Ein neuer Deutungsversuch: Wer hatte von Abraham Opfer verlangt?

Auch unter den Muslimen und  islamischen Gelehrten und Koranexegeten wird diese Geschichte als „göttliche Prüfung“ wiedergegeben, obwohl diese Geschichte im Koran in einer anderen Weise erzählt wird.  Eine genauere Betrachtung der koranischen Variante gibt aber  genug Raum für eine alternative Interpretationen, die vom  Schema „Befehl und Gehorsam“  abweicht. Der Koran erwähnt diese Geschichte sehr knapp mit einem anderen Tathergang. Im Gegensatz zu anderen koranischen Geschichten wird auf einen genauen Ablauf verzichtet. Die Sache mit Abraham und seinem (namentlich nicht bekannten) Sohn wird gestreift, aber nicht “erzählt”. Dies zeigt, dass der Koran die “unangenehme” biblische Geschichte mit der fragwürdigen Opferung eines Menschen auf “Gottesbefehl” nicht wiederholen will, und auch so nicht akzeptiert.

[Abraham sagte:] „Gewiss, ich bin auf dem Weg zu meinem Herrn; Er wird mich rechtleiten.“ Mein Herr, schenke mir einen von den Rechtschaffenen.
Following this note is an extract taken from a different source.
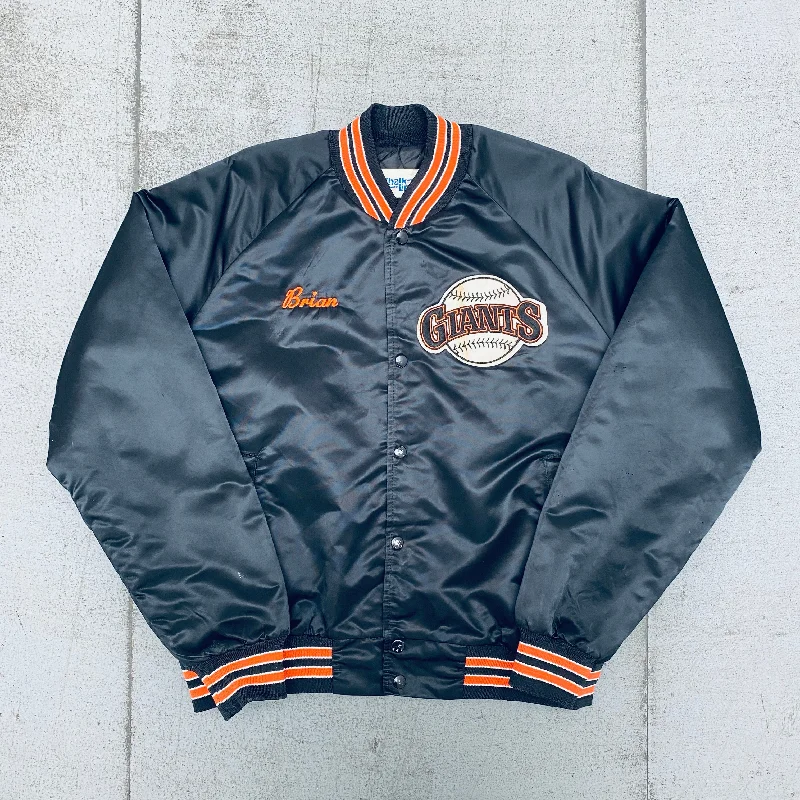 Custom Windproof Jackets-San Francisco Giants: 1990's Chalk Line Satin Bomber Jacket (L)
Da verkündeten Wir ihm einen nachsichtigen Jungen.  Als dieser das Alter erreichte, dass er mit ihm laufen konnte, sagte er: „O mein lieber Sohn, ich sehe im Schlaf, dass ich dich schlachte. Schau jetzt, was du (dazu) meinst.“ Er sagte: „O mein lieber Vater, tu, was dir befohlen wird. Du wirst mich, wenn Allah will, als einen der Standhaften finden.“ Als sie sich beide ergeben gezeigt hatten und er ihn auf die Seite der Stirn niedergeworfen hatte, riefen Wir ihm zu: „O Ibrāhīm, du hast das Traumgesicht bereits wahr gemacht.“ Gewiss, so vergelten Wir den Gutes Tuenden. Das ist wahrlich die deutliche Prüfung. Und Wir lösten ihn mit einem großartigen Schlachtopfer aus.“ (Koran, 37: 100-107)

 

Daraus können wir nur folgendes ableiten:

1)      Es ist nicht Gott, der Abraham explizit zu dieser Tat auffordert. Abraham hatte nur einen Traum, dass er seinen Sohn „schlachtet“. Hier ist keine Rede von einem „Opfer“. Es heißt auch nicht, dass er von Gott oder Jemanden eine Aufforderung zum Opfer erhalten hat.
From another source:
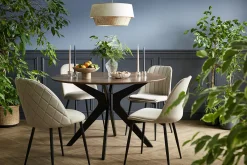 Miliboo Runder Design-Esstisch mit Walnussfurnier D120 cm DIELLI* Esstische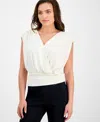 Inc International Concepts Petite Surplice-neck Sleeveless Top, Exclusively At Macy's In Vintage Cream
2)      Bekanntlich wird Abraham in der Bibel und Koran als einen „Suchenden“ bezeichnet, der in einem allmählichen Prozess den Weg zum einzigen wahren Gott findet, und sich von „Götzen“ und „falschen“ Göttern befreit. Im Koran wird seine ursprüngliche Hinwendung zu Sternen, Mond und Sonne erzählt und gezeigt, wie er sich von vergehenden Objekten verabschiedet und sich schließlich dem ewigen und einzigen Schöpfergott zuwendet. Dies unterscheidet ihn von allen biblischen und koranischen Gesandten. Ganz zu Beginn heißt es auch im Koran: Gewiss, ich bin auf dem Weg zu meinem Herrn; Er wird mich rechtleiten.“ Dies ist der entscheidende Satz, der dem Geschehen die endgültige Richtung gibt.  Abraham findet in der Zeitspanne zwischen dem Traum und Opferung die Rechtleitung. Was spricht also dafür, dass er in diesem Traum schon rechtgeleitet war? Er hatte nur einen Traum, dem er in seiner noch vorherrschenden Unwissenheit nachgehen wollte; weil er es vielleicht für einen Befehl der falschen Götter hielt? Er spricht auch ganz neutral nur von einer Handlung (Tötung) im Traum, und  es bleibt im Dunkeln, in welchem Rahmen sich diese Handlung vollzieht, und welche Akteure (“falsche Götter”?) noch daran beteiligt sind.

3)      Im Gegensatz zu der biblischen Geschichte wird der Sohn klar und deutlich über die Absicht des Vaters informiert. Dagegen wird Isaak in der biblischen Geschichte im  Unklaren gelassen.

4)      Auch in der Antwort des Sohnes kommt Gott nicht vor. Er sagt nicht, töte mich, wie Gott dir befohlen hat. Was hier stark zum Ausdruck kommt, ist die absolute Gehorsamkeit eines Kindes gegenüber dem Vater, in einem Zeitalter, wo Kinder und Frauen Eigentumsobjekte der Männer waren. Wenn auch hier etwas geprüft wird, ist es die absolute Willenlosigkeit eines Kindes. Die Zustimmung des Sohnes zeigt, dass auch er noch nicht an einen einzigen wahren Gott glaubt. Wäre der Sohn ein rechtgeleiteter Gläubiger, und ein Monotheist,  für den Gott wichtiger und mächtiger ist als der Vater, hätte er doch fragen können, warum Gott so etwas verlangt habe.

5)      Der wahre Gott kommt zum ersten Mal in dieser Geschichte als Retter des Sohnes vor und verhindert diese grausame Tat: „Das ist wahrlich die deutliche Prüfung“ bedeutet nicht, dass dieser Gott ihn prüfen wollte. Abraham wurde so geprüft, dass er seine Gehorsamkeit falschen Göttern gegenüber gezeigt habe.

6)      Abraham symbolisiert in dieser Geschichte die Bewegung der Menschheit von einem Glauben, der Menschenopfer und Grausamkeit verlangt, zu einem Gott, der das Menschenleben als Opfer nicht akzeptiert, und auch nicht verlangt hat. Menschenopfer für Gott gehörten zu vormonotheistischen Religionen und werden in dieser Geschichte durch den direkten Eingriff des einzigen Gottes in die Geschehnisse  abgeschafft.